Tuesday, April 15, 2008 4:04:01 AM (Eastern Daylight Time, UTC-04:00)  #    Disclaimer  |  Comments [1]  | 
Tuesday, April 15, 2008 10:39:53 PM (Eastern Daylight Time, UTC-04:00)
I agree with your conclusions. The big problem of the industry is that the wrong paradigms are being applied to it. As you try to explain programing isn't about science, it's about art, it is an art, it requires skill. Part of the problem is that we are loosing some of the perceived definition of "art", it's a creative and skilled process, "craft" is similarly loosing this meaning; they are changing to mean "creative product". This has resulted in the downgrading of the definitions of craftsman and artisan to being synonyms of laborer. This has come about because of the Industrial Revolution (IR), the IR resulted in craftsmen becoming less important, the importance of artistic ability in the work force essentially disappeared. The IR was able to take place because it require hardly any skilled labor. Workers in productions were all skilled craftsman before the IR but the IR changed the paradigm, the number of craftsmen were reduced, those that remained eventually ended up in the equivalent of R&D, the production was handled by the cheapest labor around, which was unskilled. The Industrial Revolution was fueled by Science, and it changed everything.

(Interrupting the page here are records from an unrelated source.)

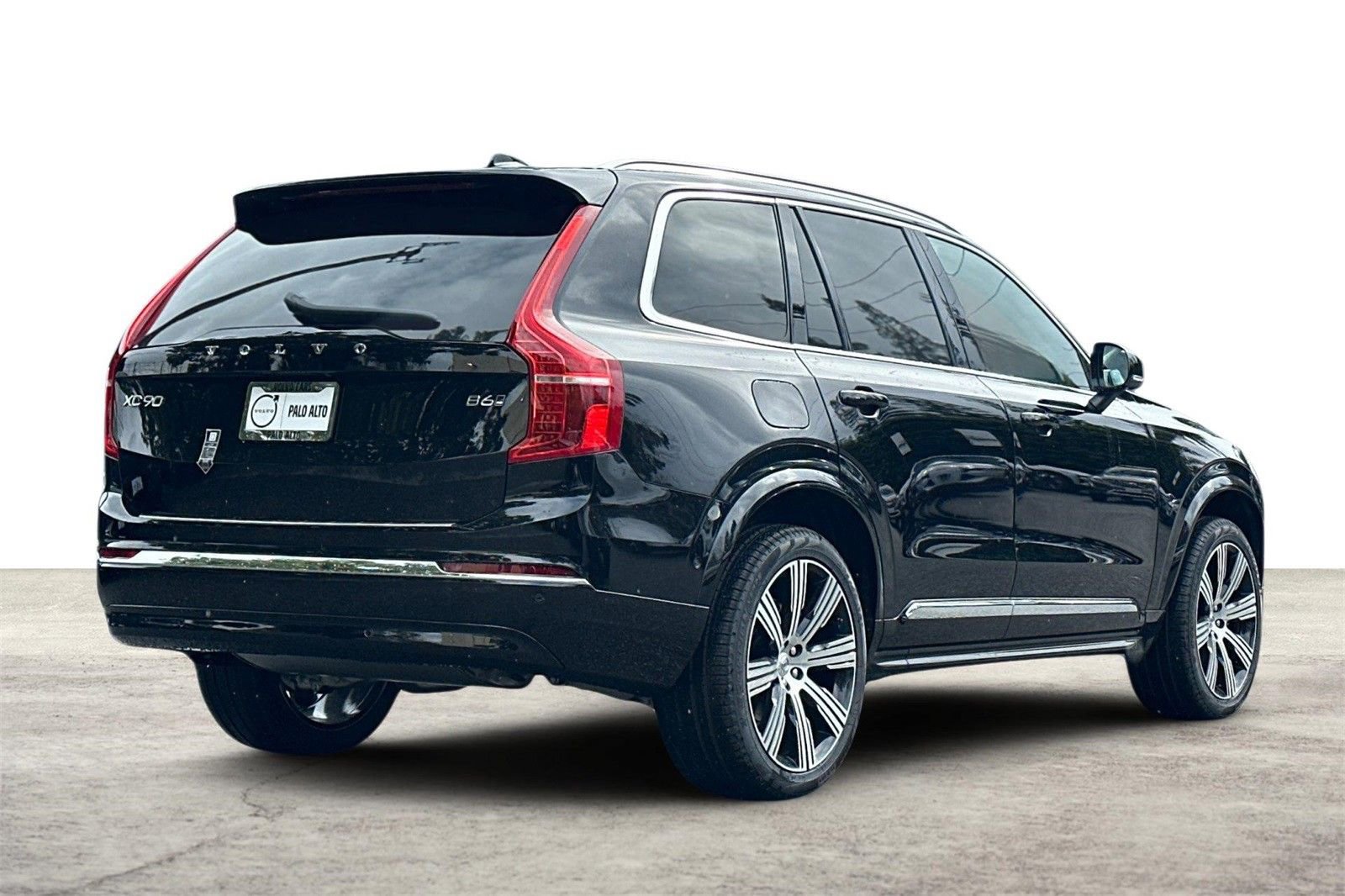 Certified 2025 Volvo XC90 B6 Ultra w/ Protection Package Premier image 2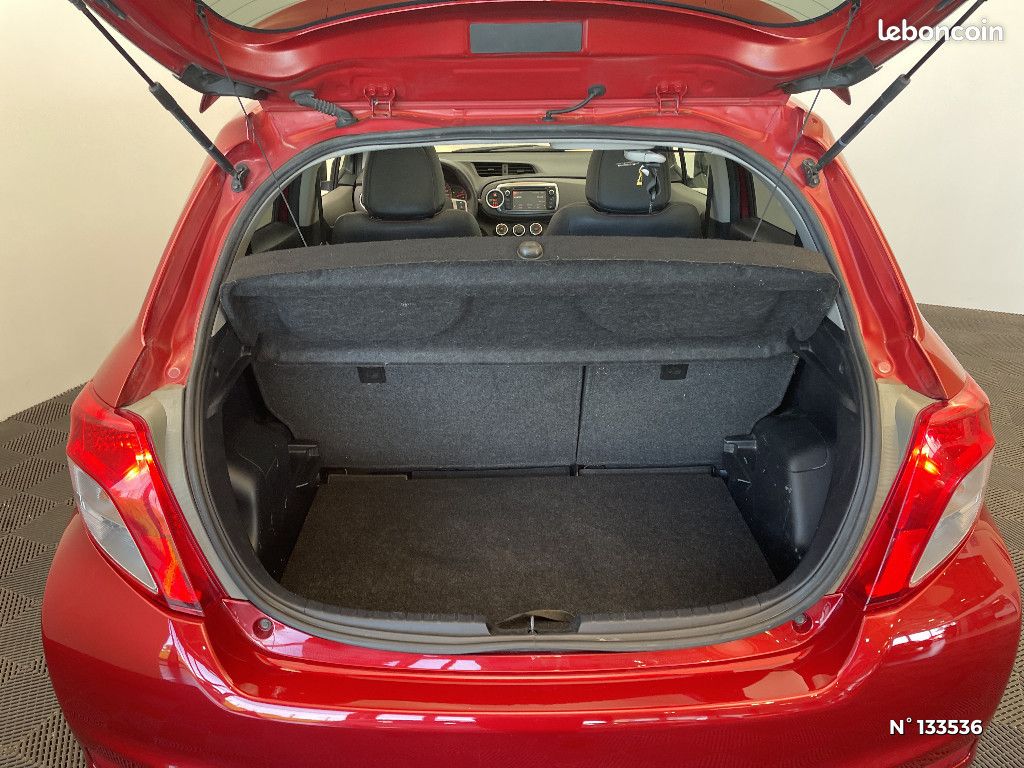Toyota Yaris 100 VVT-i Style CVT (image 7)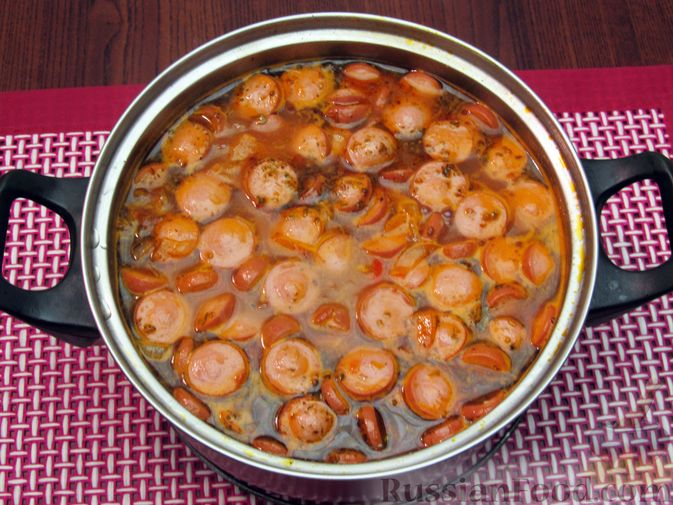 Фото приготовления рецепта: Куриный суп с болгарским перцем, сосисками и горошком - шаг №18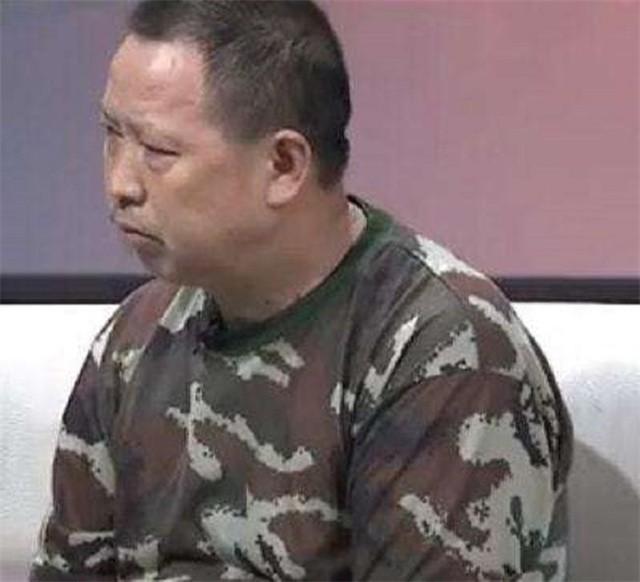 丈夫去世待火化，次日穿着寿衣坐在客厅，妻子：谁还敢跟他一起住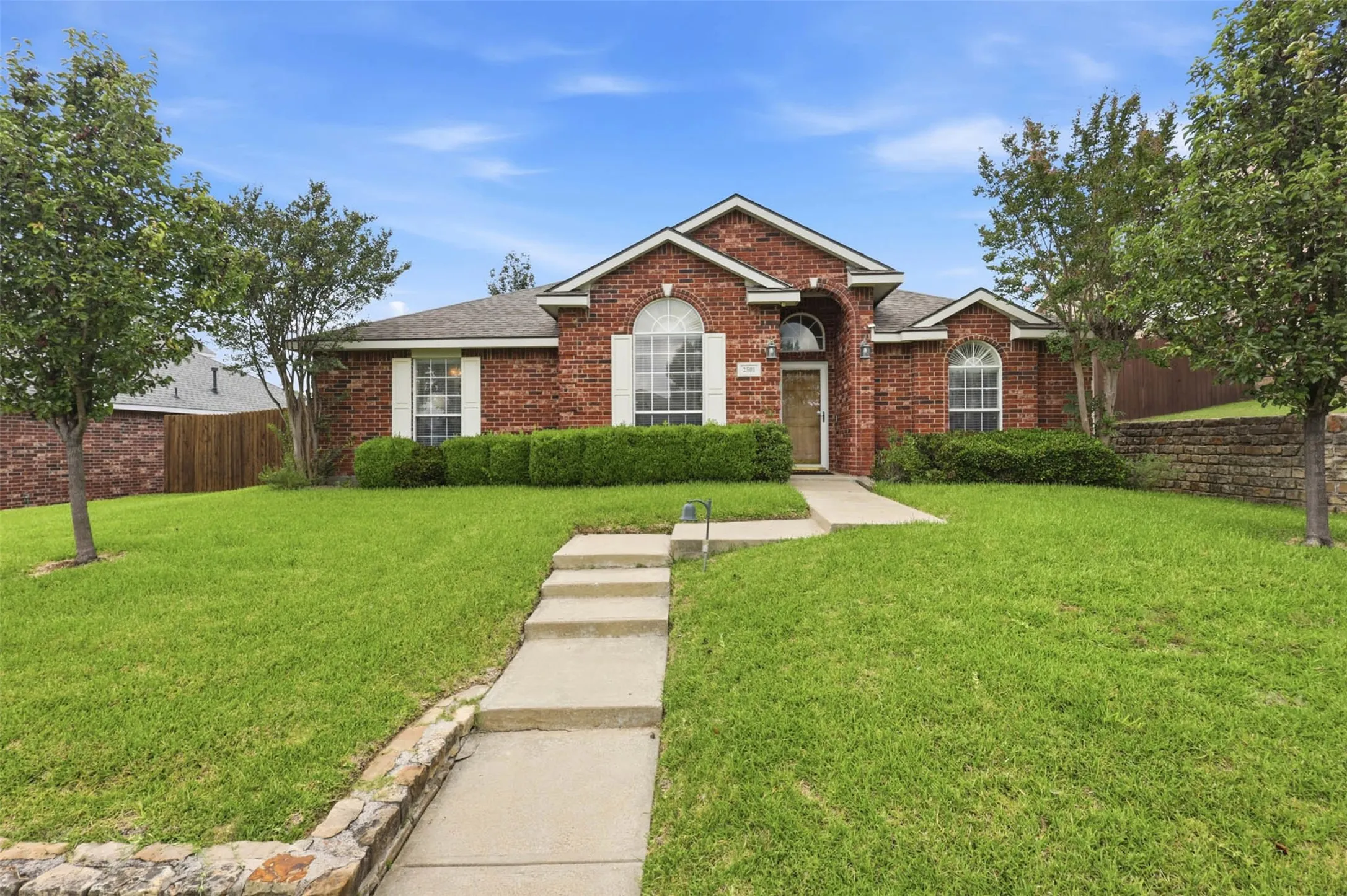Single Family Residence For Sale in Dallas County , 2501 Saddle Horn Drive, Mesquite, Texas 75181, 4 Bedroom, 2 Bathroom, 2 Garage spaces, 2,005 Sqft, built in 2002, mls#21391219, Real Estate Agent in Mesquite, Homes For Sale in Dallas county, Homes For Sale in Mesquite, Realtor in Mesquite Texas, Real Estate Brokerage Independent Realty Texas, Luminita Cordes Realtor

The software industry is a child of the Industrial Revolution, it can't escape the IR paradigms and as it has grown people have continually tried to apply the old IR paradigms to it. The IR paradigm of using unskilled labor doesn't work. We need to go back to the pre-IR paradigms that center on craftsmen and artisans or wait for science to catch up.

I solute you for coming to these conclusions without bringing it into it's historical context. You recognized something was wrong and articulated it well though some mention of the history would have helped.

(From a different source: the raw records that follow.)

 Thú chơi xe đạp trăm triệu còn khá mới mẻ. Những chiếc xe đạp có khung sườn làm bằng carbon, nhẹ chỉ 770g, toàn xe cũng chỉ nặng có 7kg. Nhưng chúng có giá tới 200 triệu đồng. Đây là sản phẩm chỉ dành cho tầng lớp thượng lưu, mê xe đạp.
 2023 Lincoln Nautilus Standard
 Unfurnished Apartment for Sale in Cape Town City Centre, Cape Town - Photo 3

If history is any judge of the future, then the IR paradigms will win out in the end and programing will cease to be an art of creative process & skill, and become an art of creative product. We have seen this happen in other areas of art, take pictures for example: first there were paintings, then there were photographs, there there was Photoshop; each subsequent invention made the production of pictures easier.

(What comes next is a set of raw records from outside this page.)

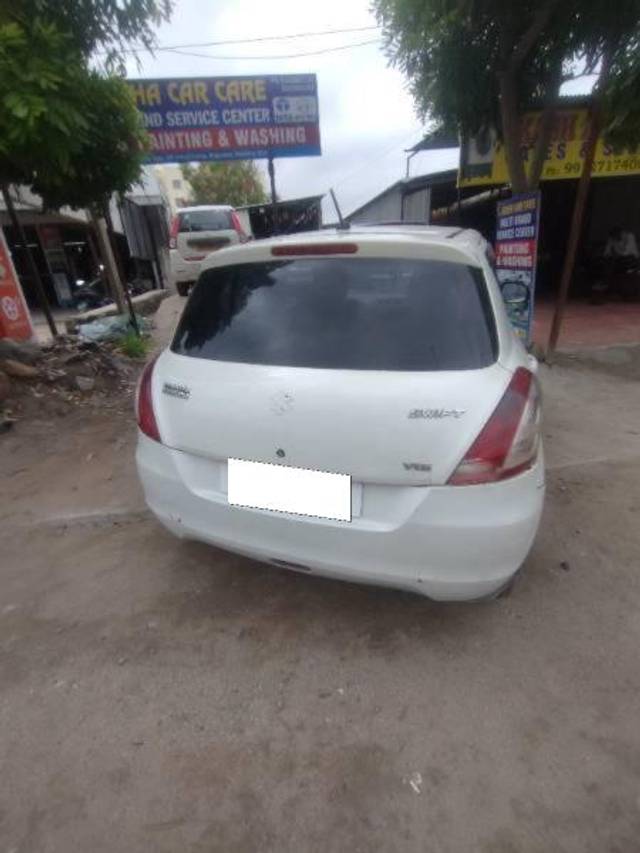 https://images10.gaadi.com/usedcar_image/4557840/original/processed_a7ca97a7-9b02-492e-a59b-7ea41102759e.jpg?imwidth=6401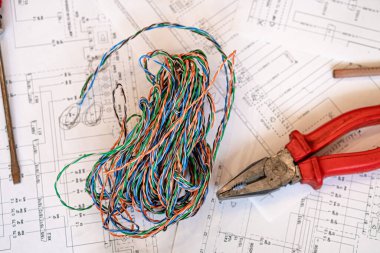 Bir kağıt diyagramda çeşitli elektrikli aletler ve kablolar, ev elektriği kompozisyonu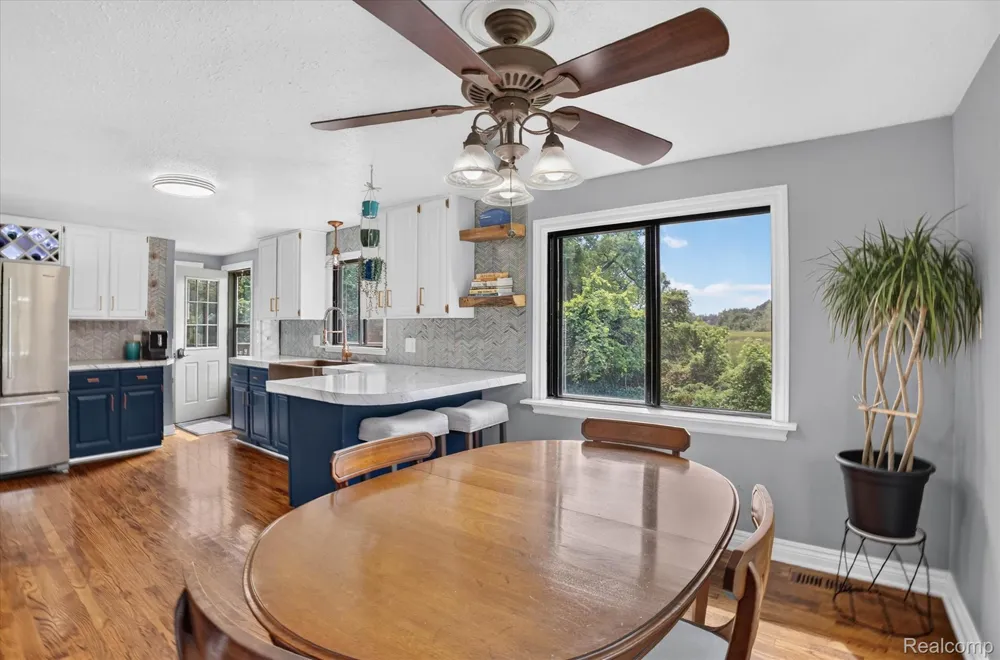 103 W Sherman Street Holly Village, MI 48442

The next step for programing languages will be to evolve to the point where they are easier to use. The skill in programing is in navigating the murky waters, knowing where the sandbars are, how to recognize them and avoid them. Like the introduction of GPS, extremely high level languages will spell the death of these skills and the IR paradigms will take over once more.

On the flip side, we may hit a wall and be unable to make programing languages that are smart enough to cope with our playful jumble of doublespeak and hidden meanings. As they say: Time flies like an arrow, fruit flies like a banana.